One Palestinian commentator from Bethlehem described the disproportionate contention over the issue as reflecting a stunning lack of political immaturity on both sides.

"In the final analysis, this is a non-issue; do they think that whoever is going to be prime minister will have powers that would enable him to conquer the world? He would still be the prime minister of a quasi government that lacks sovereignty and is subject to the Israeli will and restrictions," said Hamdi Faraj.

Meanwhile, Hamas is coming under intense pressure from its grassroots supporters who have complained that the PA security agencies are continuing to detain Hamas supporters for "the most trivial of reasons".

On 13 June, PA security forces in Nablus suppressed a demonstration by dozens of men, women and children protesting against the continued imprisonment of their sons and relatives who are affiliated with Hamas.

The protesters carried placards and signs reading "The people want the PA to free political detainees". Another placard read "Releasing the detainees is the real test for the success of the reconciliation agreement."

A spokesman for the PA said the demonstration was suppressed because it was held without a prior permit from the police.

Some of these grievances were echoed by Ismail Ashkar, the deputy head of Hamas's bloc in the Palestinian Legislative Council. He argued that leaving the "political incarceration file" to the end could torpedo progress on other files. "Discussion of the issues should assume a parallel rather than a sequential nature, because all the issues are interrelated."
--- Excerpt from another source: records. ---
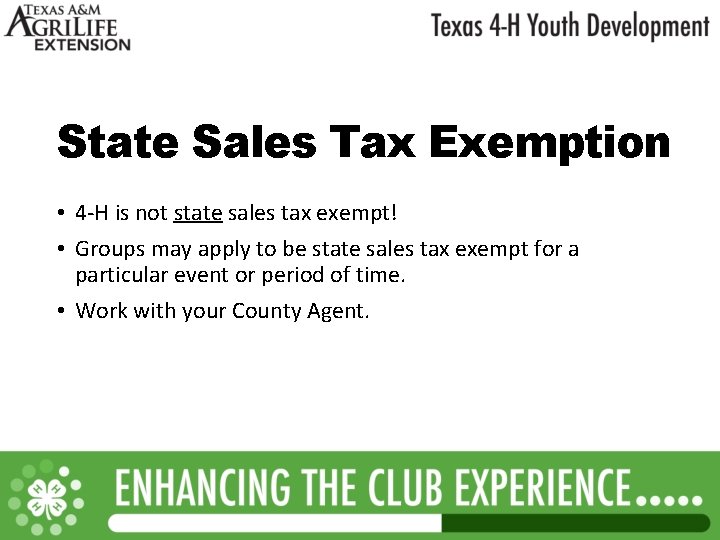 State Sales Tax Exemption • 4 -H is not state sales tax exempt! •
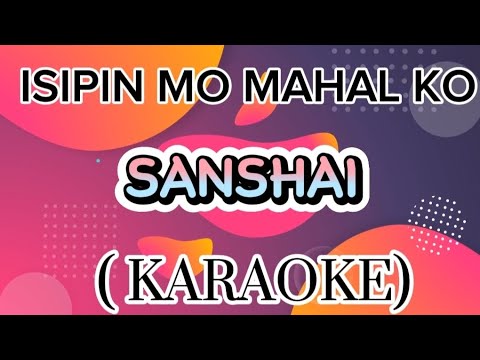 ISIPIN MO MAHAL KO BY: SANSHAI #(KARAOKE) #MDV KARAOKE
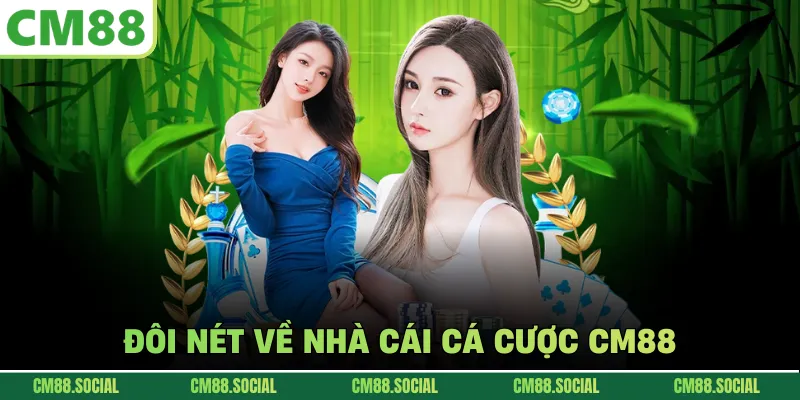 Đôi nét về nhà cái cá cược CM88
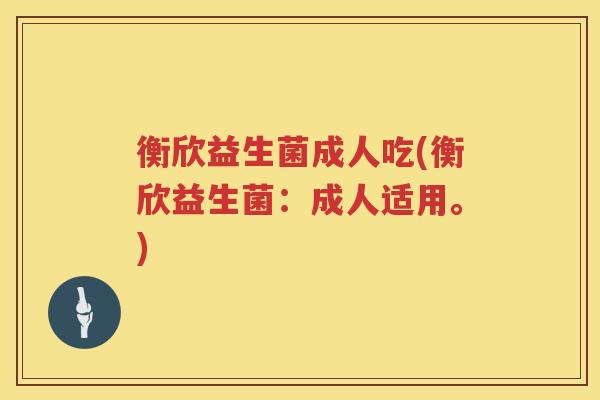 衡欣益生菌成人吃(衡欣益生菌：成人适用。)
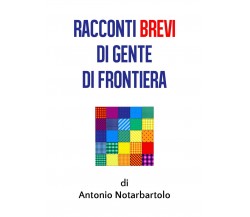 Racconti brevi di gente di frontiera	- Antonio Notarbartolo,  2020,  Youcanprint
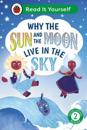 Why the Sun and Moon Live in the Sky: Read It Yourself - Level 2 Developing Reader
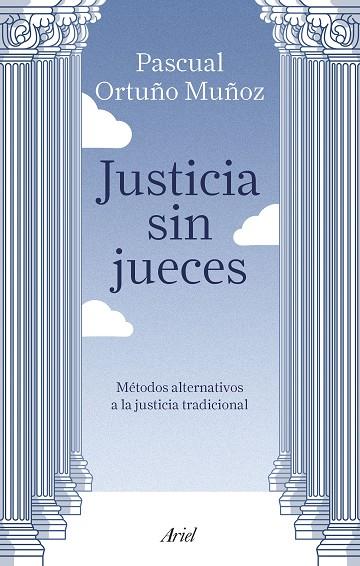 JUSTICIA SIN JUECES | 9788434429123 | ORTUÑO MUÑOZ, JOSÉ PASCUAL | Llibreria L'Odissea - Libreria Online de Vilafranca del Penedès - Comprar libros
Another Islamist leader, Salah Al-Bardawil, refused to accept the assumption that Hamas's rejection of Fatah's choice of Fayyad as prime minister could threaten national reconciliation between the two groups. "There is no real correlation between this issue [Fayyad] and national reconciliation. National reconciliation is our strategy and ultimate goal, but there are certain red lines that we must observe and refuse to cross."

One positive factor militating in favour of a successful conclusion to Hamas-Fatah talks in Cairo is the realisation of both sides that failure would only benefit Israeli Prime Minister Binyamin Netanyahu, who remarked last week that he prayed that national unity talks between Fatah and Hamas would fail for the sake of the continuation of the peace process.

Netanyahu pointed out that Israel would offer concessions to Abbas in the case the PA decided to sever ties with Hamas and re-establish the rift between the Gaza Strip and the West Bank.

Israel is worried that with Hamas taking part in the Palestinian national decision-making process, the overall Palestinian bargaining position would be stronger and that Israel would be unable to wrest the far-reaching concessions it covets from a PA leadership that is more vulnerable to its diktat.

Hamas, many observers have noted, has succeeded in forcing Fatah to adopt stronger stands on the fundamental issues of Jerusalem and the right of return for millions of Palestinian refugees uprooted from their ancestral homeland when Israel was established more than 63 years ago.